◆ **TASK PROMPT**: Wherever "Heart" occurs in the entries, copy the line that holds it.

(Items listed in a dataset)
==============================

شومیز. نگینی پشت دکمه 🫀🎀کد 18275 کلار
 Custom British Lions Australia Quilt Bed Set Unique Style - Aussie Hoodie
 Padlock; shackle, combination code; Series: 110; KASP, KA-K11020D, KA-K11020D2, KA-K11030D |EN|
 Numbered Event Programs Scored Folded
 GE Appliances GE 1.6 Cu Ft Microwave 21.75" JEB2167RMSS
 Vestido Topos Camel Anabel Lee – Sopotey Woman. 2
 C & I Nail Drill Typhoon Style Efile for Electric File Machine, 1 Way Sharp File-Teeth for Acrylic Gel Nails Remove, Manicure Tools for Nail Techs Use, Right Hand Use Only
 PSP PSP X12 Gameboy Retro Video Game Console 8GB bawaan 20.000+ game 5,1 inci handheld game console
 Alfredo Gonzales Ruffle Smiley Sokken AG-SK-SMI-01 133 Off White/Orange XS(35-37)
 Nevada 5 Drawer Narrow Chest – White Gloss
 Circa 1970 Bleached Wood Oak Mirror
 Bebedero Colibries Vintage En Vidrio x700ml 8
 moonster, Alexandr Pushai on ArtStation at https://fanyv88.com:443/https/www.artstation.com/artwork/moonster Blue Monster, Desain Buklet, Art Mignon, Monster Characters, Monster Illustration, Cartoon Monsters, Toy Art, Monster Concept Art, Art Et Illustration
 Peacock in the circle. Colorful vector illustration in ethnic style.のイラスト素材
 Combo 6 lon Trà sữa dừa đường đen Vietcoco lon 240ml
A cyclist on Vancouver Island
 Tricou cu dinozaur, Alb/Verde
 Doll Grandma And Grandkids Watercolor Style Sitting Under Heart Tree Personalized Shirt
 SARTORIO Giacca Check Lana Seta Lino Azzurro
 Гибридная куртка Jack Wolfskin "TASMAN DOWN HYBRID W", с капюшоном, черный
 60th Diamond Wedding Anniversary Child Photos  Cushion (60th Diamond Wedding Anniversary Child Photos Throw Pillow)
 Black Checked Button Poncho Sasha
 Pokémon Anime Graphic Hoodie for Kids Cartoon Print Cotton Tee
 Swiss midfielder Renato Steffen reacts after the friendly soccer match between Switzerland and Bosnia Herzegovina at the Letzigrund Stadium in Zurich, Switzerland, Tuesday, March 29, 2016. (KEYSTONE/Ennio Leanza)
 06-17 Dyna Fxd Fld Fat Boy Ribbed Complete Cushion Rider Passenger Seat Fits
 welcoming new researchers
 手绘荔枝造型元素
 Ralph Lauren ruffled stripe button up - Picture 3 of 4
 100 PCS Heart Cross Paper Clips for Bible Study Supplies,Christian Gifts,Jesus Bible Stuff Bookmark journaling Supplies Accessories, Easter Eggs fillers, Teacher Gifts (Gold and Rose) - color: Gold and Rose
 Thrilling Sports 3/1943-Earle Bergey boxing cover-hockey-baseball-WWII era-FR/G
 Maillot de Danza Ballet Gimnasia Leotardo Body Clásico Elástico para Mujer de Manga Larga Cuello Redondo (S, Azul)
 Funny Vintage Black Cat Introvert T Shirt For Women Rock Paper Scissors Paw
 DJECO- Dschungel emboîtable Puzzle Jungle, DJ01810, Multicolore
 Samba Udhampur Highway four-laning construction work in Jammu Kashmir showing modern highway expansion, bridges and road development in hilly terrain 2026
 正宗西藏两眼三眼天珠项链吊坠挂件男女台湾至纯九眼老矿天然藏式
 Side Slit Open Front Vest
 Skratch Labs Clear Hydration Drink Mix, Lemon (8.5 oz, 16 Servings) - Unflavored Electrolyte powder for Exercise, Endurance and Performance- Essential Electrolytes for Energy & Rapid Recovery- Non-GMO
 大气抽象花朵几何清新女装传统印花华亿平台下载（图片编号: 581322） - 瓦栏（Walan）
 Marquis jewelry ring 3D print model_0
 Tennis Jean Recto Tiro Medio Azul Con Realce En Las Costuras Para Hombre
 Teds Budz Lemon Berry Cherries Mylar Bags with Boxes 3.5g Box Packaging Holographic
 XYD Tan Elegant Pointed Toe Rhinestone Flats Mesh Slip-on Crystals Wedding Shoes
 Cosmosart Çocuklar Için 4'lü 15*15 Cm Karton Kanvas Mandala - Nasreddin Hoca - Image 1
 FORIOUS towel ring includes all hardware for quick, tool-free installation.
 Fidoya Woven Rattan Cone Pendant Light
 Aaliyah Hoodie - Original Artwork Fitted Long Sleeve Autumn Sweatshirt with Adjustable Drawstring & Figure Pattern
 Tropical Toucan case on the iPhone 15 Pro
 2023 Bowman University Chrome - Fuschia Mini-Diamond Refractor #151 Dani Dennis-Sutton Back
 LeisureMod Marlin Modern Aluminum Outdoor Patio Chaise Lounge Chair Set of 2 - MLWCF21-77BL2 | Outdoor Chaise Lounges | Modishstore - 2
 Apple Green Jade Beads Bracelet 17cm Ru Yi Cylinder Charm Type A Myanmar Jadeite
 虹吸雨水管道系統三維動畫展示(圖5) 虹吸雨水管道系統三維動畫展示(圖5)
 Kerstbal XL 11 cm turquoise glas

==============================

◆ **SOLUTION FOR THIS EXERCISE**:
 Doll Grandma And Grandkids Watercolor Style Sitting Under Heart Tree Personalized Shirt
 100 PCS Heart Cross Paper Clips for Bible Study Supplies,Christian Gifts,Jesus Bible Stuff Bookmark journaling Supplies Accessories, Easter Eggs fillers, Teacher Gifts (Gold and Rose) - color: Gold and Rose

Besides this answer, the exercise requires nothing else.